Setting a Good Example for Our Children: Getting Rid of School Cigarette Ads, Eliminating Candy Flavored Cigarettes, and Hooking Up With a Call Girl

Former attorney general and current governor of the state of New York - Eliot Spitzer - tried to set a good example for our children through his successful efforts to get cigarette ads out of school magazine editions and to convince R.J. Reynolds to eliminate its marketing of candy-flavored cigarettes.

Spitzer is the recipient of the 2005 Excellence in National Civic Leadership Award, presented by the National Human Services Assembly.

According to lawhawk over at "A Blog for All," Spitzer "conducted several prostitution ring busts while New York Attorney General and spoke of his revulsion to prostitution."

And in his inaugural address, Governor Spitzer emphasized his commitment to ethics:

"And so it must be for us. Like all who have come before, we have arrived at this moment on this day because we have demanded a different and more vibrant future for our children. Because we know that New York is the state where the depth of our talent and the breadth of our skills and the reach of our culture have forever changed America and the entire world – and because we know we can do it once more. This election was not about electing one person as governor. Rather it was about what we the people collectively elected for the future of our state. We chose pragmatism and ethics over partisan politics and dysfunction, and we demanded an end to gridlock."

"So I pledge to toil each and every day so as not to disappoint the hard working people of this state who have placed their trust in this future -- a future which rekindles hope and restores growth." ...

"And so in order to return to policies of opportunity and prosperity, we must change the ethics of Albany and end the politics of cynicism and division in our state. If ever there was a time that called out for introspection by those in government, it is now. Lincoln spoke of listening to "the better angels of our nature." Indeed, those of us who work in the great building behind me must hear and heed the serious responsibility that public service demands and rise to this moment and show the public in words and in deeds that we understand that our responsibility is to the people of New York."

The Rest of the Story

Now, Spitzer has apparently added to his resume of ethics messages he is sending to our children through involvement in a high-end prostitution ring, according to multiple news sources. While Governor Spitzer has not directly admitted that the charges against him are true, he did yesterday publicly apologize for what he called acting "in a way that violates my obligation to my family and violates my or any sense of right or wrong."
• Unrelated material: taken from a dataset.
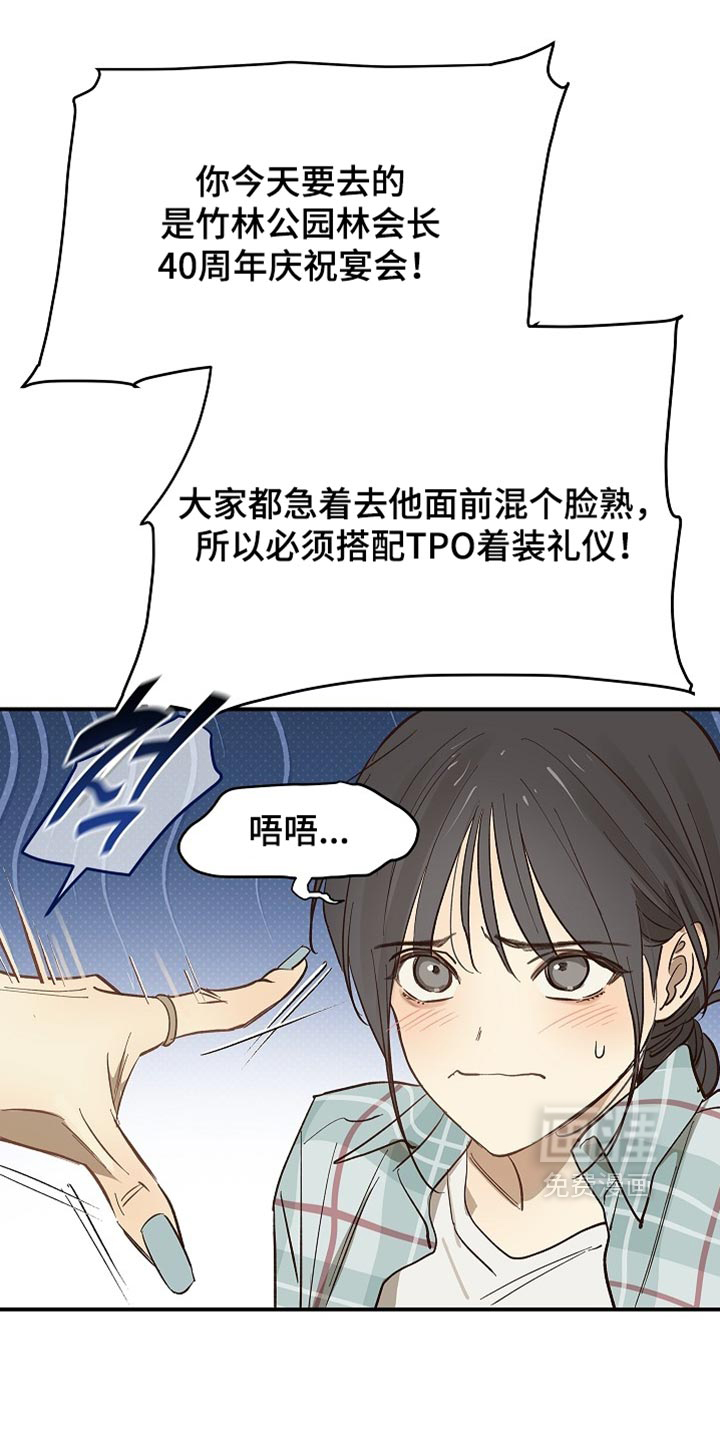 第89话5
According to the New York Times, federal investigators - using wiretap and other sources - have identified Spitzer as "Client 9," who met with a high-priced prostitute at a Washington hotel last month.

According to the federal affadavit, as reported by the New York Times, Client 9 was a return customer who had engaged the services of Kristen - a 5 foot 5, 105 pound young woman - in his Mayflower Hotel room in Washington on the night of February 13, the evening before Spitzer testified before Congress regarding the bond insurance crisis.
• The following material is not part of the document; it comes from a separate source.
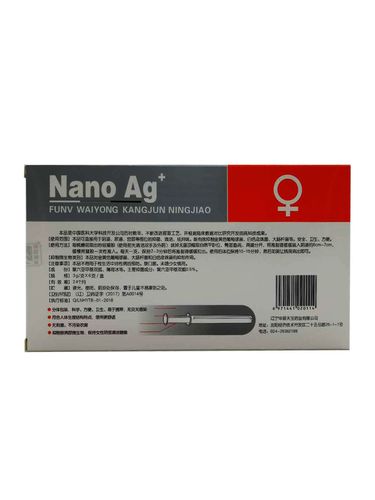 00 品牌类型 国货品牌 品牌 盛泰术康 是否进口 否 商品条形码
According to the New York Times article, Client 9 was described in the affadavit "as a 'difficult' man who sometimes asked the prostitutes 'to do things you might not think were safe.'"

While some may have previously thought that Governor Spitzer's picture should be posted as an example of a public defender of ethics and integrity, might I now suggest that his picture might fit better as an illustration under the dictionary definition of "hypocrisy."